A study released this week by Zillow, a real estate information website best known for its wildly inaccurate estimates of property valies, shows Americans have finally succumbed to the notion that home prices aren't going up anymore. 57% of homeowners polled believe their own home lost value during 2008, up from 38% who felt that way just 6 months earlier.
Interestingly, when asked about the future, respondents were upbeat: Only 30% estimate the value of their house will decrease in the next 6 months. Of course, their neighbors aren’t so lucky: Forty-seven percent believe home values in their local markets will fall during the same time period.
Zillow has become something of a cult phenomenon in the past few years, as it allows homeowners to go online and see how much their house is “worth.” By its own admission, Zillow’s values are merely estimates based on amalgamating sales data from nearby homes, comparing bedroom counts, living area, lot size and other salient characteristics.
What few people realize, however, is that Zillow’s valuation algorithm isn’t just used by John Q. Homeowner: Every big lender in the country uses a similarly opaque formula to price real estate.
Wells Fargo (WFC) -- now the biggest US home lender in the country after its acquisition of Wachovia -- holds tens of thousands of mortgages on its books, each backed by a unique house. It’s impractical to regularly review each home for a fresh value, so Wells and other big banks like Citigroup (C), JP Morgan (JPM) and Bank of America (BAC) rely on analytics firms to provide property values churned out by what are called Automated Valuation Models, or AVMs.
AVMs rely heavily on recent sales data to drive their valuation estimates. This works reasonably well in a vanilla market, one where home prices move uniformly in a single direction - namely up. Even rapidly rising prices are well accounted for, since liquid markets provide reliable, normal data sets upon which calculations can be made.
AVMs are a bit behind the curve in an appreciating market, offering a conservative estimation of a home’s value. But in a declining, choppy, illiquid market like the one we’re in now, AVMs fall apart.

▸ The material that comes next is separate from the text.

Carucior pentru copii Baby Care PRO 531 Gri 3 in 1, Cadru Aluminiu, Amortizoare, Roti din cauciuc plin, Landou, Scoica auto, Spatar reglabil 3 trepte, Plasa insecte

As sales volume dries up and prices gap down, transactions that are even 3 months old become woefully out of date. Even in distressed markets that are now seeing frenetic buying activity, active listings -- and therefore true market prices -- are well below all but the most recent sales.
By using AVMs to value housing assets, banks are constantly underestimating losses in a declining market. Unfortunately, there isn’t much of an alternative.
Small, independent valuation firms offer the most reliable estimations of value, but they specialize in local markets by definition, which limits the scale with which huge lenders can effectively use their results to evaluate nationwide portfolios of loans.
Next time you laugh at Zillow’s estimation that a home that just sold for $250,000 is really “worth” between $315,000 and $375,000, remember that your bank is looking at the same data. No wonder they keep asking Uncle Sam for so much money.